***** Extracted records

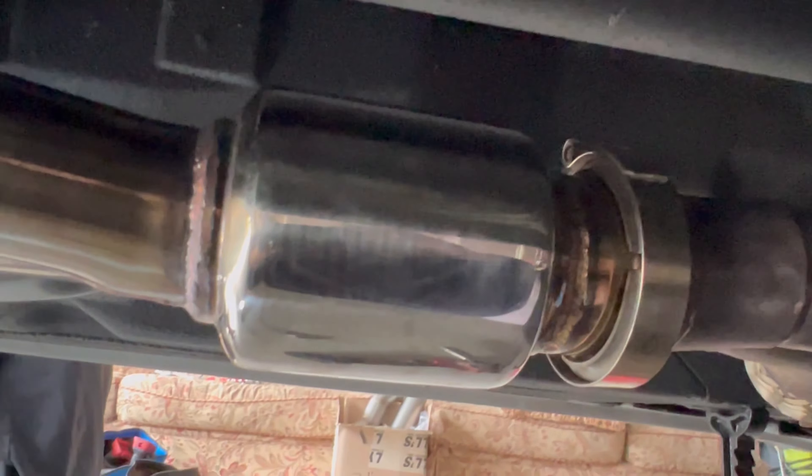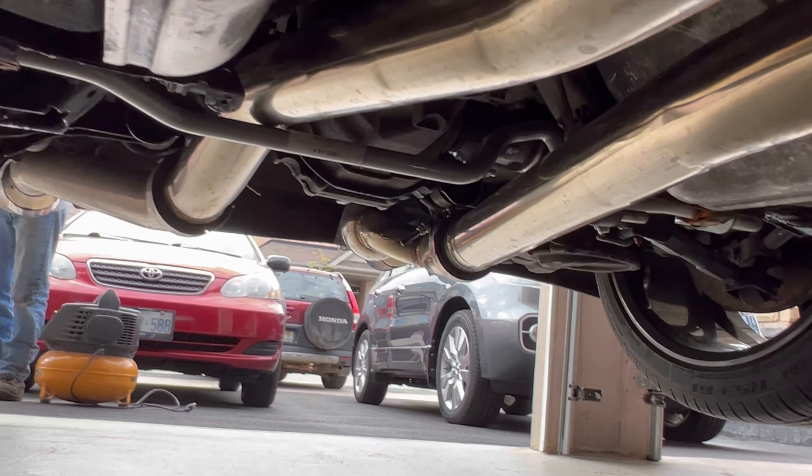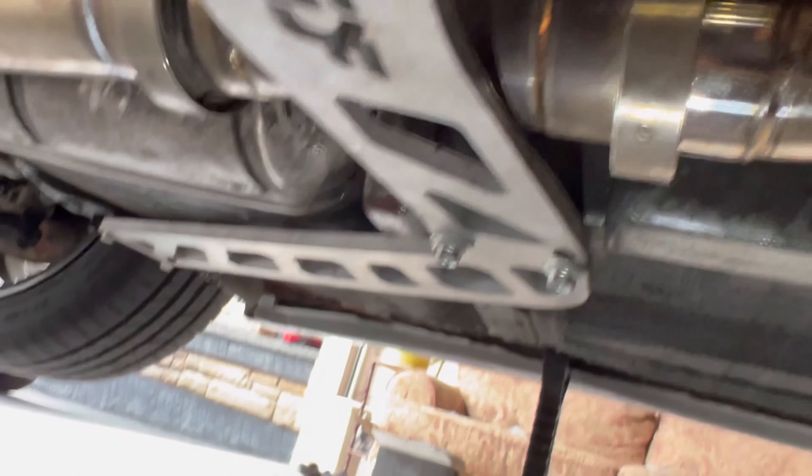Now it's a resonated version, it's gonna be pretty loud, but let's experiment. Just put everything back together, tie it up, and then we'll get some sound clips.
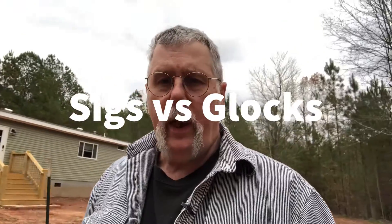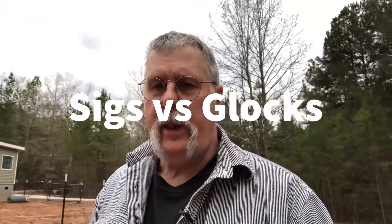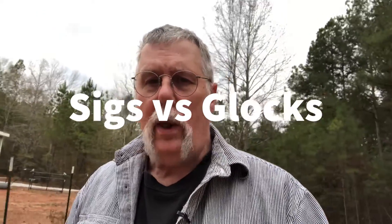Hello, everyone. Welcome to Canteen Cup. My name is Scott, and today I want to talk about SIGs versus Glocks. Am I poking the bear? Yeah, I am a little bit, but I wanted to talk about them just because there's so much controversy out there about SIGs versus Glocks.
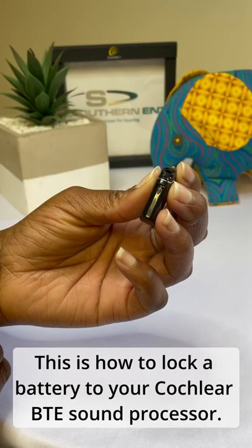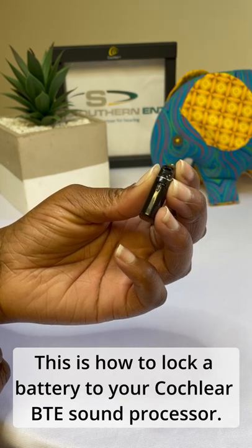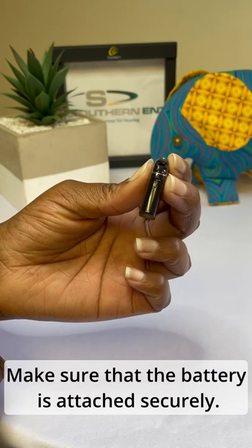This is how to lock a battery to your cochlear behind-the-ear sound processor. Make sure that the battery is attached securely.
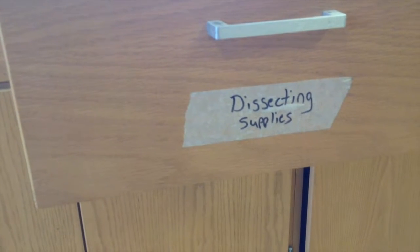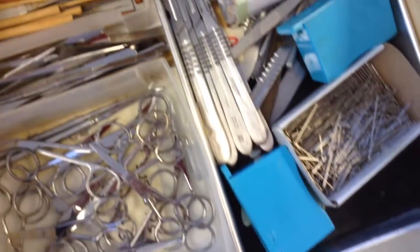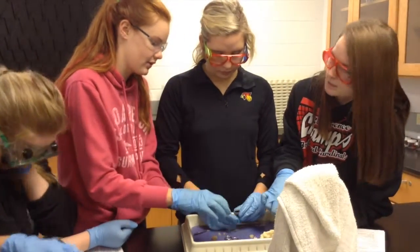It's going to give you an in-depth experience looking at the eye and all the parts in detail. So you get to see not just the pictures from the book, but actually put your hands on the iris, the retina, the cornea, and so forth. So you actually get to see it and feel it.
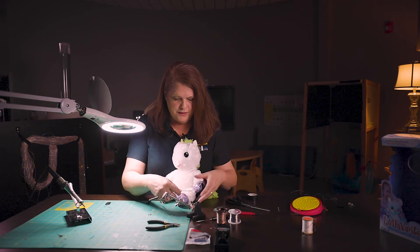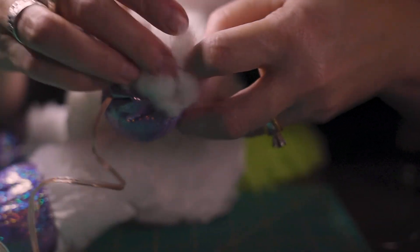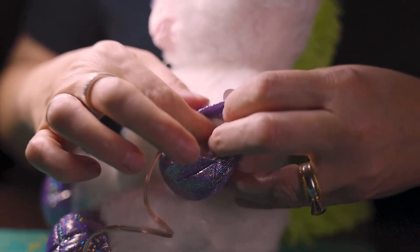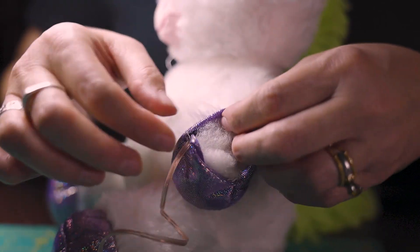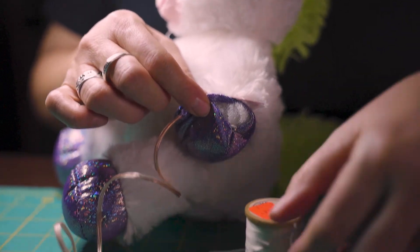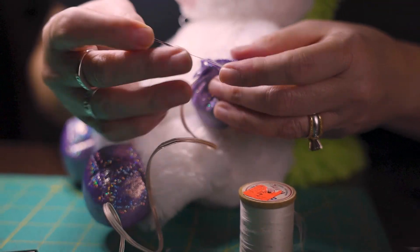Make sure after you have done all the steps that you put back in the stuffing for that little hand — get it all stuffed back up. And then you can stitch it closed to make it extra safe for that little one.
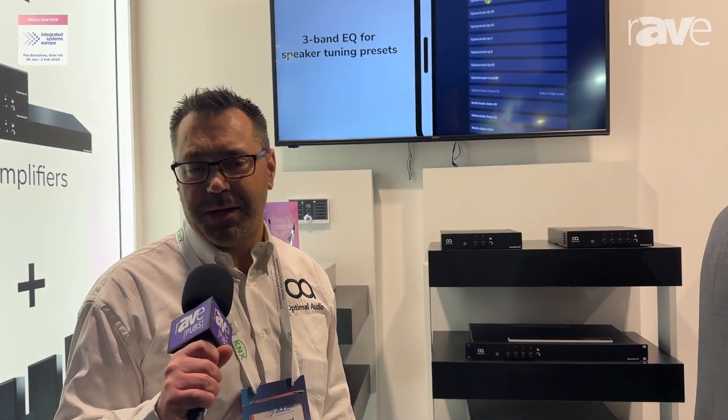Hello, my name is Alex Berend. I'm the Sales Manager for Optimal Audio. We're here at our third ISE this year.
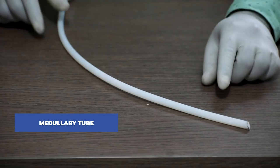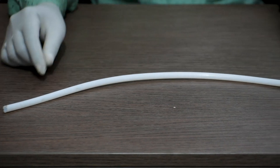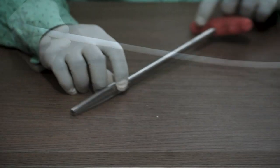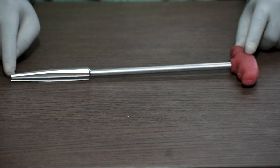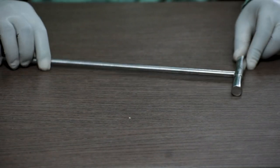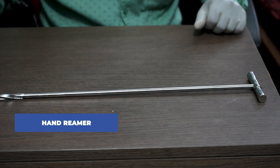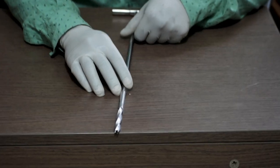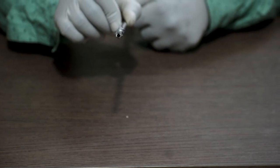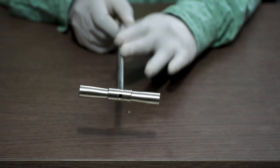This is called a medullary tube or an exchange tube. This is a proximal reamer; the diameter of the proximal part is 15 mm. Next, this is a hand reamer — a cannulated one, available in diameters of 8 mm, 9 mm, 10 mm, 11 mm, and 12 mm.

**********

> [What you have to do]:
All entries should be reproduced exactly; no picture belongs in the result.

> [Output for this exercise]:
Now it's a resonated version, it's gonna be pretty loud, but let's experiment. Just put everything back together, tie it up, and then we'll get some sound clips.
Hello, everyone. Welcome to Canteen Cup. My name is Scott, and today I want to talk about SIGs versus Glocks. Am I poking the bear? Yeah, I am a little bit, but I wanted to talk about them just because there's so much controversy out there about SIGs versus Glocks.
This is how to lock a battery to your cochlear behind-the-ear sound processor. Make sure that the battery is attached securely.
It's going to give you an in-depth experience looking at the eye and all the parts in detail. So you get to see not just the pictures from the book, but actually put your hands on the iris, the retina, the cornea, and so forth. So you actually get to see it and feel it.
Make sure after you have done all the steps that you put back in the stuffing for that little hand — get it all stuffed back up. And then you can stitch it closed to make it extra safe for that little one.
Hello, my name is Alex Berend. I'm the Sales Manager for Optimal Audio. We're here at our third ISE this year.
This is called a medullary tube or an exchange tube. This is a proximal reamer; the diameter of the proximal part is 15 mm. Next, this is a hand reamer — a cannulated one, available in diameters of 8 mm, 9 mm, 10 mm, 11 mm, and 12 mm.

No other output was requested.